I surveyed my fellow students, showing people various college reviews and asking them their opinions on Princeton Review’s ranking of Wesleyan at number 13 on its list of “Birkenstock-Wearing, Tree-Hugging, Clove-Smoking Vegetarians,” or on the C+ College Prowler gave us for the attractiveness of the girls and guys on campus.

Some students focused on the attractiveness ratings.

“The book says that Wesleyan girls are ‘unshaven and unwashed,’ and that is a little bit of a hyperbolized reputation,” said Benjamin Firn ’14. “I don’t think they deserve a C+; I think a B is more appropriate.”

While some students are more forgiving on this particular point, they noted that the College Prowler book does not present an accurate picture of the University.

“This book is not representative of the average Wesleyan student,” said Molly Stern ’14.

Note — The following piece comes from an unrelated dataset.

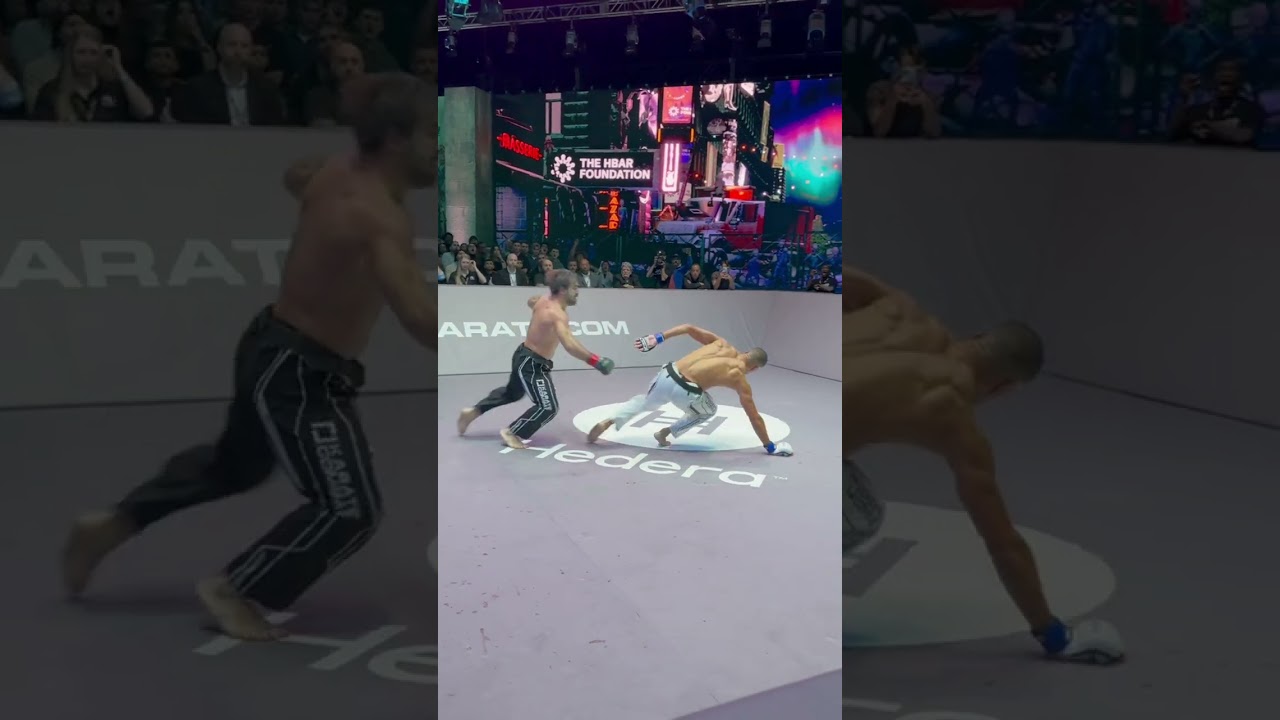 Rafael Aghayev knocks down Raymond Daniels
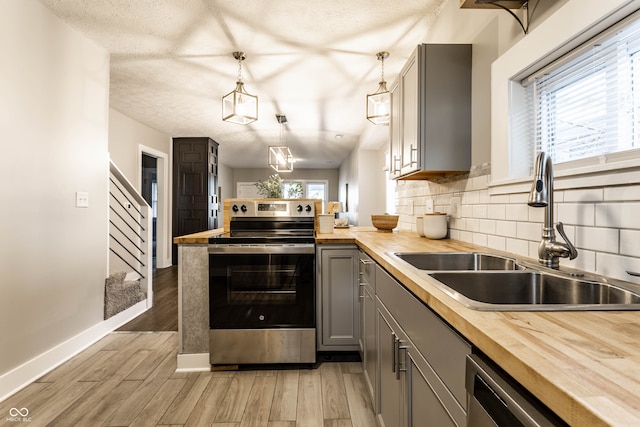 kitchen with wooden counters, stainless steel appliances, sink, pendant lighting, and gray cabinets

Another consistent student response was that of apathy rather than either agreement or dissent.

“You know, I don’t really care as much as I did way back when,” said Jason Brandner ’16. “It doesn’t really matter, since I’m already here. I made my decision and I have no intentions of changing [it].”

Other freshmen agreed and didn’t express strong feelings about external perceptions of Wesleyan.

“I mean I guess it makes sense,” said Sarah McCully ’16, in response to the ratings proclaiming the University as a hippie school. “But I don’t know. I figure that Wesleyan is less of the Birkenstocks and more of the Sperrys. It doesn’t really fit one description. It’s unique in its own way.”

I related to this sense of apathy. While I read the websites and the books, I couldn’t help but feel any overwhelming sense of “so what?” Did it really matter that Princeton Review called the University “dynamic” with a “high level of intellectual curiosity?” After all, doesn’t every other college and university claim the same thing?

“Look, I honestly just opened my computer one day and went, ‘What is this school Ted and Marshall went to?’” admitted Jack Spira ’16. “And now, I’m here. I didn’t really seek Wesleyan because people were claiming that it had great food or the median SAT scores were impressive.”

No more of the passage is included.